Notre héros ne fut pas fâché de s’imaginer la même chose, et il entra dans les appartements de la reine d’un pas léger, le visage radieux, comme s’il arrivait pour faire la cour à sa maîtresse. L’amiral de l’Océan des Indes, comme on appelait alors Colomb, n’eut pas à attendre longtemps dans l’antichambre, et au bout de quelques minutes il fut admis avec son compagnon en présence de la reine.

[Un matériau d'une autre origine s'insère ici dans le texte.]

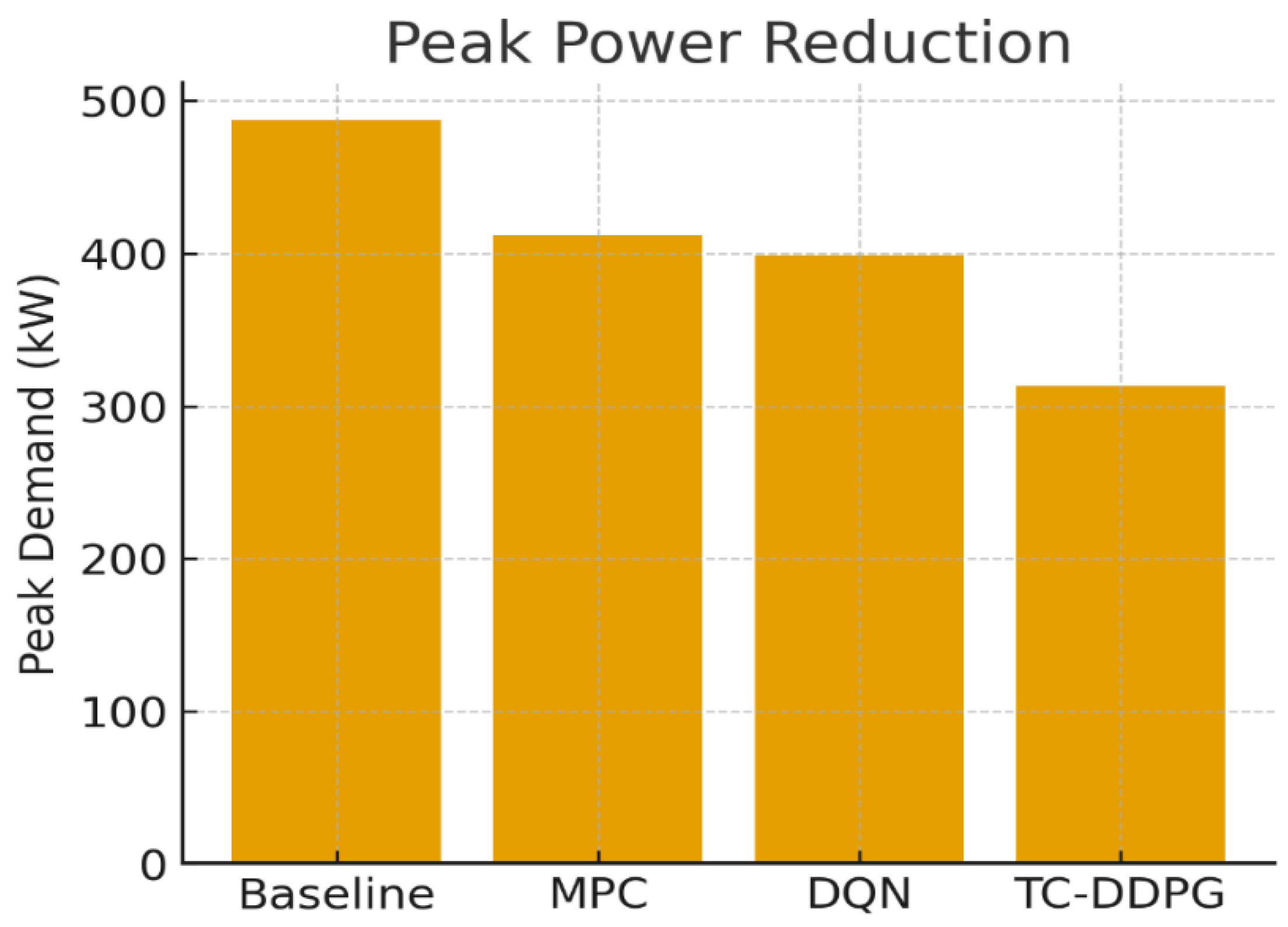 Preprints 183503 g014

Isabelle les reçut en audience tout à fait privée, car elle n’avait auprès d’elle que la marquise de Moya, Mercédès et Ozéma. Le premier regard fit reconnaître à Luis et à Colomb que tout n’allait pas bien, car la physionomie de chacune de ces femmes annonçait qu’elle cherchait à conserver un calme emprunté. Il est vrai que la reine avait l’air serein et plein de dignité ; mais ses joues étaient animées, son front pensif, et son œil mélancolique. Le chagrin et l’indignation se disputaient la place sur le visage expressif de doña Béatrix, et Luis vit avec inquiétude qu’elle détournait les yeux de lui, suivant sa coutume lorsqu’il avait sérieusement encouru son déplaisir. Les lèvres de Mercédès étaient pâles comme la mort, quoiqu’une petite marque, semblable à un vermillon brillant, fût comme appliquée sur chacune de ses joues ; elle avait les yeux baissés et l’air timide et humilié. Ozéma seule était dans sa situation naturelle ; cependant ses regards étaient vifs et inquiets. Un éclair de joie brilla dans ses yeux, et elle ne put retenir une légère exclamation de plaisir, quand elle vit entrer Luis, qu’elle n’avait vu qu’une seule fois depuis son arrivée de Barcelone, c’est-à-dire depuis près d’un mois.